Date:   Thu, 5 Dec 1996 19:11
From:  Eric M Fariss

quit sending me    shit
thank you .

Date:   Thu, 5 Dec 1996 19:23
Subject:  Re: DRS Digest – 4 Dec 1996 to 5 Dec 1996 – Special issue

On Thu, 5 Dec 1996, Eric M Fariss wrote:

quit sending me   shit
thank you .

Good one, Eric. But tell us how you really feel?
Marlene

Date:   Fri, 6 Dec 1996 13:33
Subject:  relaxation response

Bill,

I usually count my steps on the inbreath and the outbreath.
When I’m running slowly that’ll be 1234,1234, and if I’m running
fast it’ll be 12,12, etc. What you describe is very much like
zen, and a favorite topic of our very own list father, Chris.
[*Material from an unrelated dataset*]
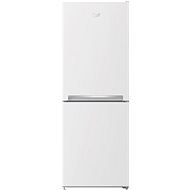 BEKO RCSA 240 M20W - Refrigerator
Sounds to me like you’re a prime candidate for zendead!
ORN: Five Easy Miles at lunch on a beautiful, warm day. If I had
a Triumph t-shirt, I’d be in the mood for acting out that scene from
Five Easy Pieces 😉 This taper for White Rock has got me a bit
goofy, eh? Oh yeah, will y’all stop sendin’ Eric shit?

kevin, the mathineer
St. Louis, Missouri, USA

Date:  Fri, 6 Dec 1996 14:58
Subject:  bad Deads!

quit sending me   shit
thank you .

OK, you guys, ‘fess up. Who has been sending Eric shit?

Date:   Fri, 6 Dec 1996 14:05
Subject:   Dead-related dream

So that’s what Austin does with that surplus bat guano. They send it
to Eric.

* Brian Blansett, from east of Lorena, Texas

Date:   Fri, 6 Dec 1996 14:19
Subject:   Eric Shit, by Dr. Zeus

Hi there Dead people!

It’s Dr. Zeus here with a rhyme for you!

I will not send to Eric shit.
I will not send it; I will quit.
I really wish the rest of you
Would not to Eric send shit, too!

Eric has so little time
He cannot listen to this rhyme,
He hasn’t time to check the FAQ,
To work he really must get back!

So please desist, also refrain
From being, really, such a pain.
To send, to Eric, shit is bad.
Keep it up, we’ll make him mad!

kevin, the mathineer
St. Louis, Missouri, USA

Date:   Fri, 6 Dec 1996 14:24
Subject:   Re: bad Deads!

On Fri, 6 Dec 1996, Laurel Park wrote:

quit sending me   shit
thank you .

OK, you guys, ‘fess up. Who has been sending Eric shit?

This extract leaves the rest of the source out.